CAMITICHE, LINGUE

Enciclopedia Italiana (1930)

CAMITICHE, LINGUE

Carlo CONTI-ROSSINI

. Il gruppo delle lingue camitiche è uno dei più importanti dell'Africa, estendendosi per circa la quinta parte di essa, almeno se si ammettono le inclusioni che molti glottologi vi fanno. E diffuso, sia pure con ampie lacune, dall'Oceano Indiano e dal Mar Rosso al Mediterraneo, all'Oceano Atlantico e alla valle del Niger, con propaggini - si vuole - nell'estremo sud-ovest dell'ampio continente. Naturalmente, anche nel campo camitico l'area linguistica non corrisponde all'area etnica; molti popoli, assai influenzati dai Camiti, non parlano linguaggi camitici; altri, che di sangue camitico hanno o serbano ben poco, parlano linguaggi che sembrano, o che già si possono dire sicuramente camitici.

Il gruppo camitico ha indubbie colleganze antichissime con le lingue semitiche, colleganze dimostrate dall'ossatura grammaticale e del lessico. In generale può dirsi che il camitico riflette uno stadio meno evoluto, più primitivo nello svolgimento storico del linguaggio. Per esempio, al caratteristico triconsonantismo semitico delle radici corrisponde, in camitico, un sistema biconsonantico. Non a torto, sembra, molti glottologi sostengono che camitico e semitico abbiano origini comuni, e la comune culla è ricercata da taluni nell'Africa stessa, da altri in Arabia, in Siria o in altre limitrofe regioni dell'Asia.

Il camitico, invece, è affatto indipendente dalle lingue nilotiche e dalle sudanesi, con le quali la sua area territoriale lo mette a contatto diretto. Così, manca in camitico quella gradazione vocalica, che nel gruppo nilotico vale a far distinguere le diverse persone nei pronomi personali e, conseguentemente, nella coniugazione dei verbi. Inoltre - fatto di capitale importanza - il camitico è già pienamente in possesso della distinzione dei generi grammaticali, che manca nelle contermini lingue nilotiche e sudanesi, salvo che in bari, in māsai, ecc., ove tale distinzione apparisce di formazione recente, e, secondo alcuni glottologi, appunto per influenza camitica.

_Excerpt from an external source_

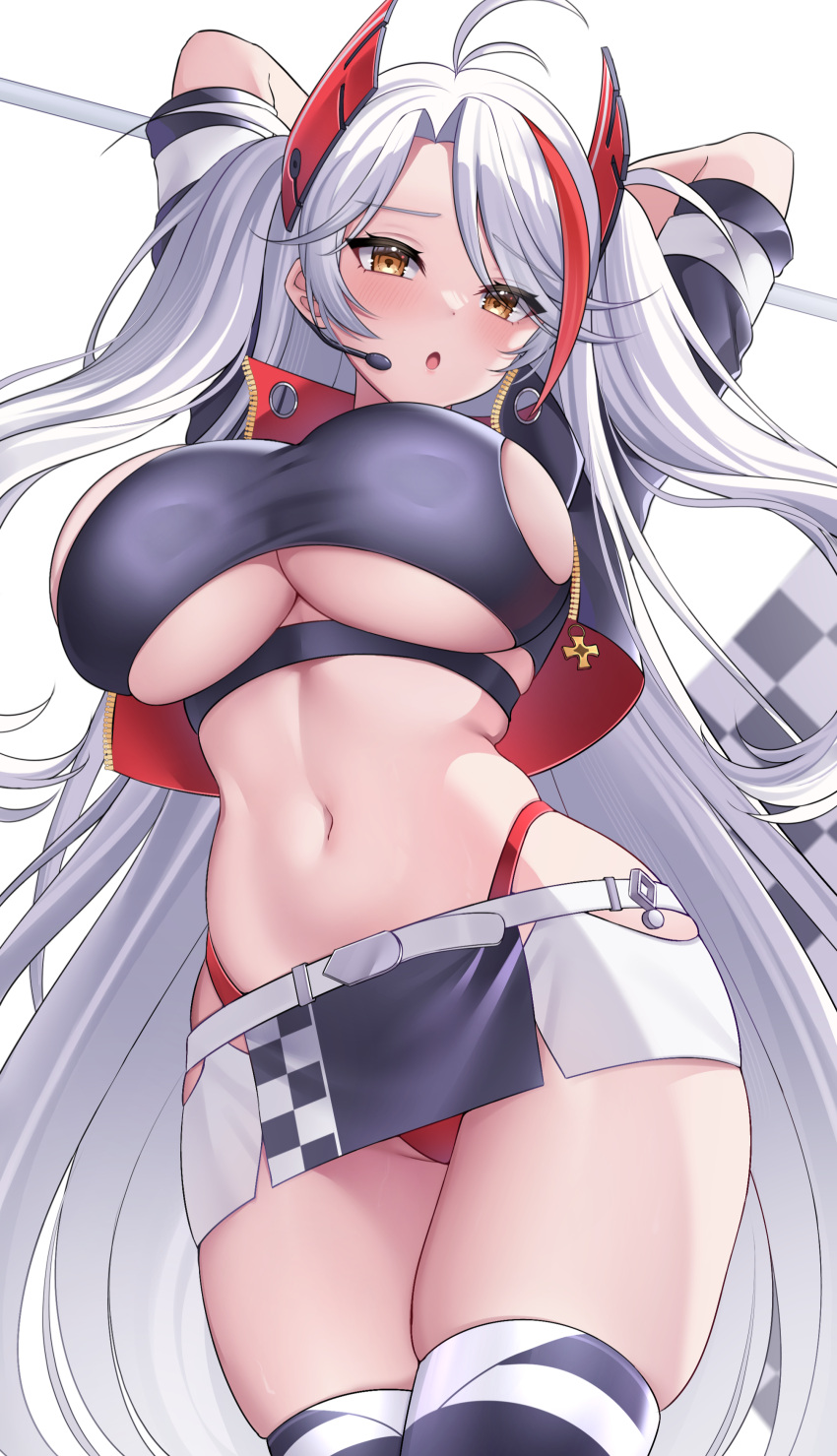 1girl :o absurdres arms_behind_head arms_up azur_lane belt black_jacket blush breasts clothing_cutout crop_top cropped_jacket cross demcheg from_below hair_over_one_eye headgear headset highleg highleg_panties highres hip_focus iron_cross jacket large_breasts long_hair looking_at_viewer looking_down microphone midriff miniskirt multicolored_hair navel open_clothes open_jacket panties prinz_eugen_(azur_lane) prinz_eugen_(final_lap)_(azur_lane) red_hair red_panties sideboob sideboob_cutout skindentation skirt solo stomach streaked_hair thighhighs two-tone_hair underboob underboob_cutout underwear unzipped upskirt very_long_hair white_belt white_hair yellow_eyes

Assai dubbî sono i rapporti col gruppo delle lingue bantu, che sì grande diffusione e importanza hanno in Africa. Il camitico, infatti, è del tutto sprovvisto di quelle classi di nomi il cui sistema caratterizza appunto il bantu, salvo qualche assai raro, sporadico esempio, che potrebbe anche essere fortuito. Va fatta un'eccezione per il gruppo cui appartiene la lingua ful, nella Nigeria, che presenta un completo sistema di classi di nomi, la cui somiglianza col bantu non può essere casuale, malgrado talune specialità del sistema ful (formazione dei nomi mediante suffissi anziché mediante prefissi; esistenza, oltre alla formazione con suffissi, anche di quattro tipi di formazione con prefissi, per indicare le persone, le cose, gli accrescitivi e i diminutivi, ecc.): la maggior parte dei glottologi tende a ravvisare nel ful la più arcaica forma del camitico, prossima al bantu primitivo; altri lo giudicano, in origine, una lingua negra, costituente, insieme con altre, una speciale famiglia senegalo-guineiana in seno al grande gruppo delle lingue sudanesi.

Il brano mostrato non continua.